The storm had been gathering momentum for years. And last week it finally erupted when Ontario’s minister of financial institutions,
Monte Kwinter, announced that the province would allow foreign interests and financial institutions free access to its highly protected securities industry. Under the proposed regulation, Canadian banks, insurance and trust companies could own 100 per cent of any investment dealer in Ontario, starting on June 30. Foreigners will be allowed to increase their stake in any Ontariobased securities firm to 50 per cent from 10 per cent at the same time, and to 100 per cent on June 30,1988.
The minister portrayed Ontario’s decision to throw the doors to its securities industry wide open as the province’s response to the growing internationalization of the world’s money markets.
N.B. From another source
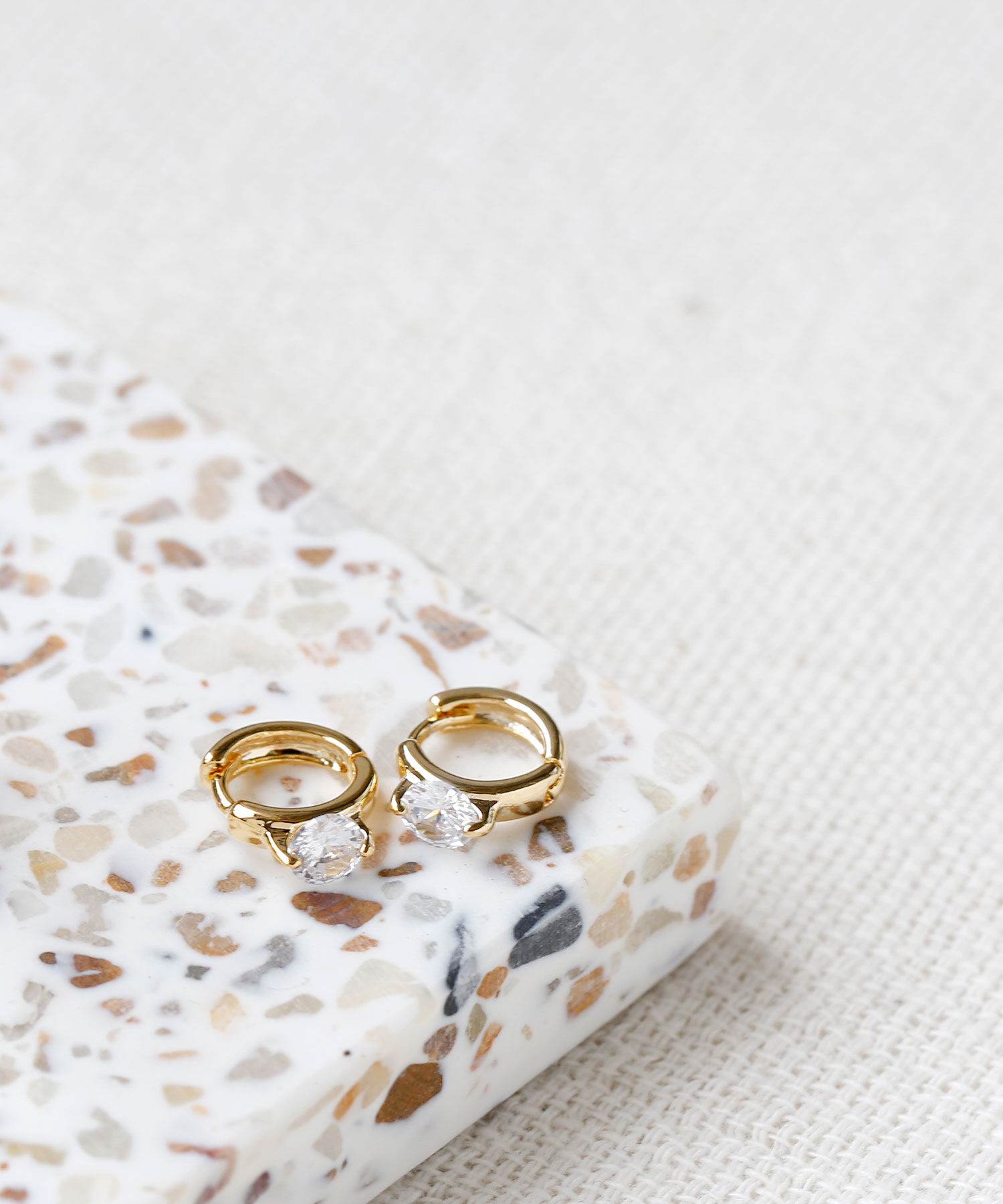 colleca la「1粒ストーンのワンタッチミニフープピアス」|ピアス|ゴールド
However, some provincial government officials and industry spokesmen, who asked to remain anonymous, told Maclean’s that Ottawa forced Ontario into allowing the federally regulated banks unlimited entry into the lucrative brokerage industry. As well, industry officials said that they believe the federal government appears to be moving toward creating a national securities commission, which would usurp Ontario’s jurisdiction as the industry regulator. Said Kwinter’s executive assistant, Kenneth Rosenberg: “Ontario has no plans to cede or abdicate any of its jurisdiction in securities regulation.”
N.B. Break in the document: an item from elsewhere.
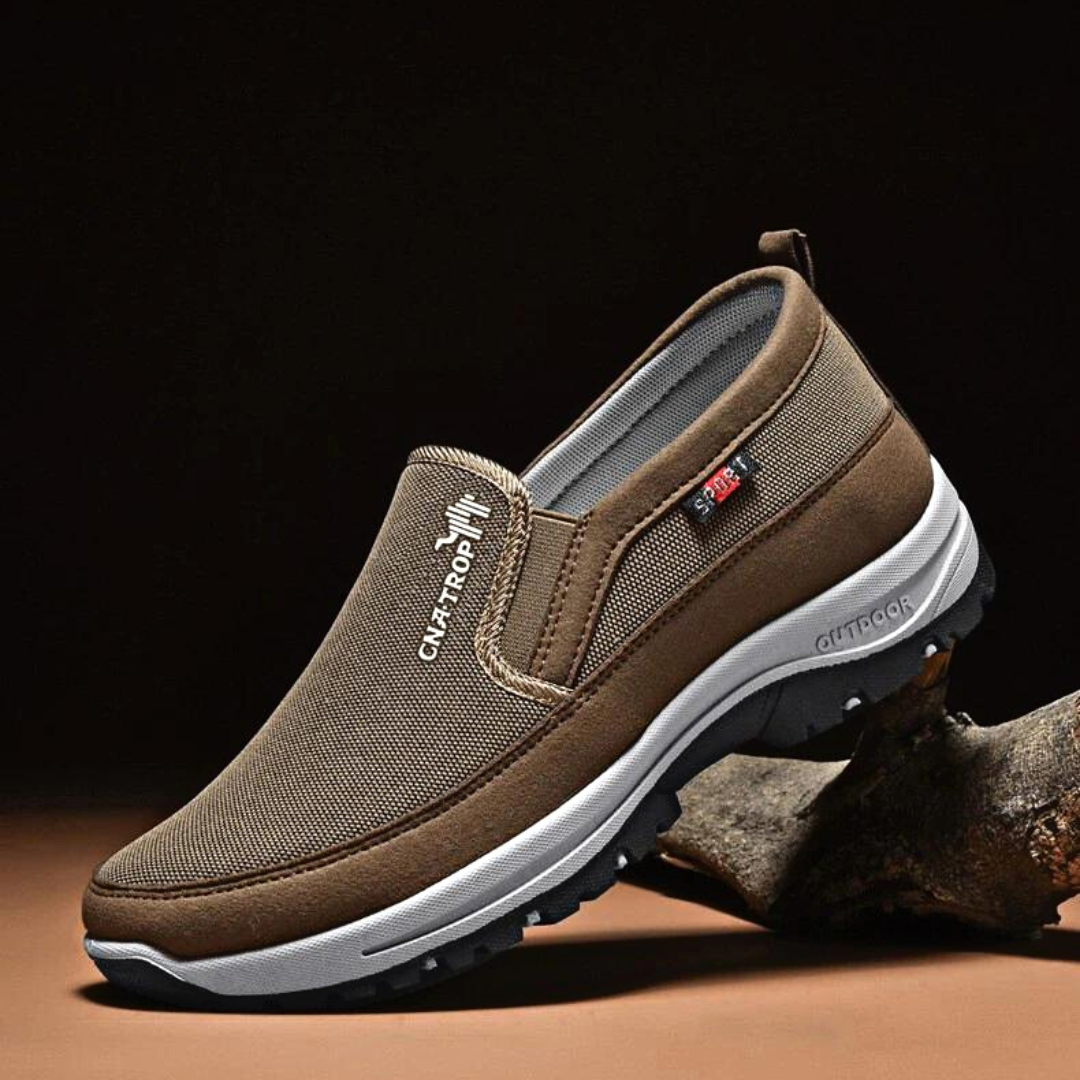 Men’s Slip-On Outdoor Shoes with Rounded Toe and Anti-Slip Sole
Indeed, Kwinter’s ministry consulted with federal government officials and with representatives of the province’s investment dealers before announcing the new regulations. The first meeting, between Kwinter and his federal counterpart, Thomas Hockin, minister of state for financial institutions, took place in Toronto on Nov. 11. There, insiders said, Hockin informed Kwinter that Ottawa planned to amend the federal Bank Act to allow financial institutions the right to own 100 per cent of a securities firm. Until then, the province had said that it was prepared to offer the
banks a maximum 30-per-cent stake.
Two weeks later, at another meeting, a provincial government securities regulator informed investment dealers of Ottawa’s plans. Only a year ago the clubby Ontario securities industry had
been adamantly opposed to opening up its business to others. But in recent months much of the world’s capital market has been deregulated and national barriers dismantled.
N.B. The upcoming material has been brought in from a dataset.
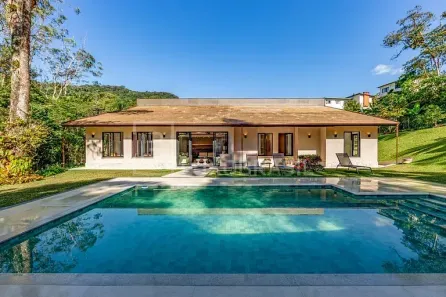 Casa com 5 Quartos à venda, 497m² no Carlos Guinle, Teresópolis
In anticipation of that, representatives from the securities industry and the provincial government have been meeting to study ways of opening up the industry without forfeiting control to the powerful banks and to non-Canadians. The securities dealers had said that they welcomed limited— not total—ownership by foreigners and financial institutions because that would increase their capital bases and help them to compete with large U.S. and Japanese firms. But William Wyman, chairman of Vancouver-based investment dealer Pemberton Houston Willoughby Inc., declared, “I don’t think the industry is necessarily thrilled with the result it got.”
Ontario’s new regulations were also partly a defence against Ottawa’s plans to designate Montreal and Vancouver as international banking centres, which threaten to erode Toronto’s pre-eminent role in the field. Now, the big banks are poised to move in quickly on the Toronto-based securities industry.